_HOW TO COMPLETE THIS TASK_
The listing is to be printed word for word, pictures omitted.

_INPUT DATA_
_ _ _
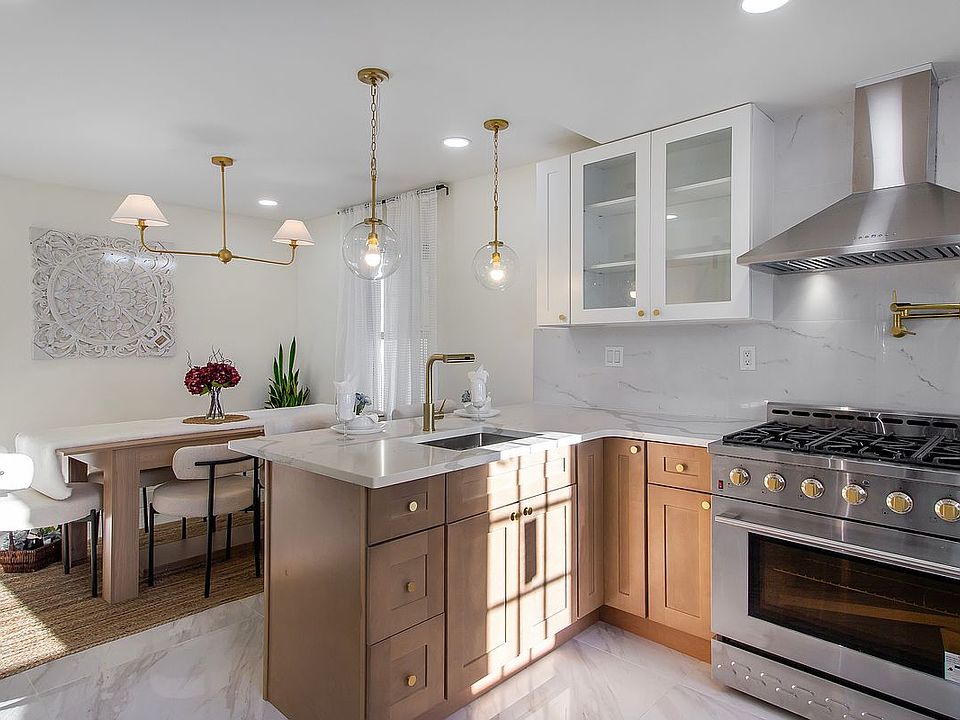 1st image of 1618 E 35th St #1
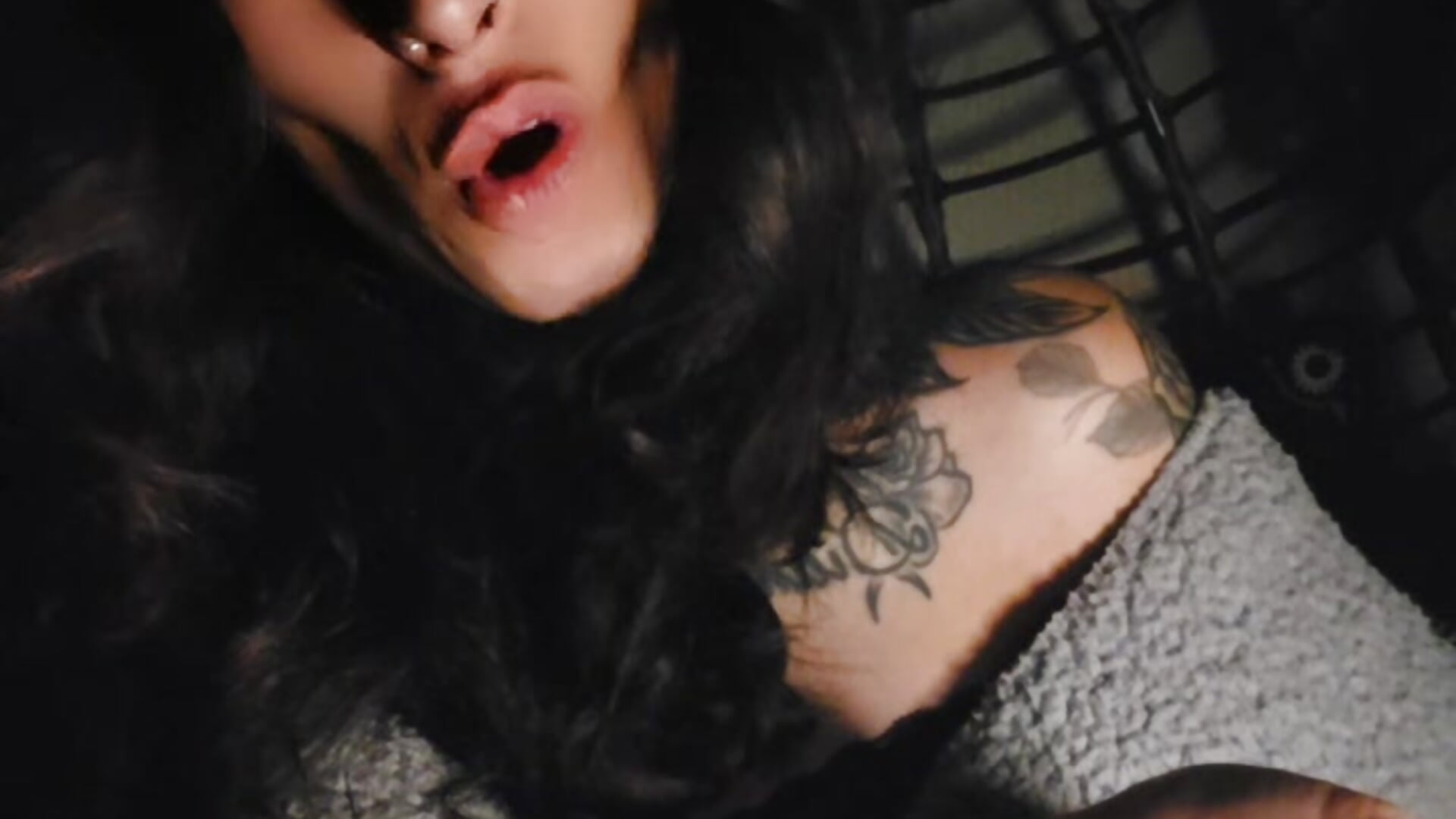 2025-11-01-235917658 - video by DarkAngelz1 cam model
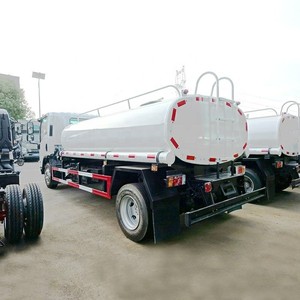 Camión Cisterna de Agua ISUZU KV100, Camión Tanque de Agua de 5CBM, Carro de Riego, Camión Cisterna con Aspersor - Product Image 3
_ _ _
_TASK ANSWER_
 1st image of 1618 E 35th St #1
 2025-11-01-235917658 - video by DarkAngelz1 cam model
 Camión Cisterna de Agua ISUZU KV100, Camión Tanque de Agua de 5CBM, Carro de Riego, Camión Cisterna con Aspersor - Product Image 3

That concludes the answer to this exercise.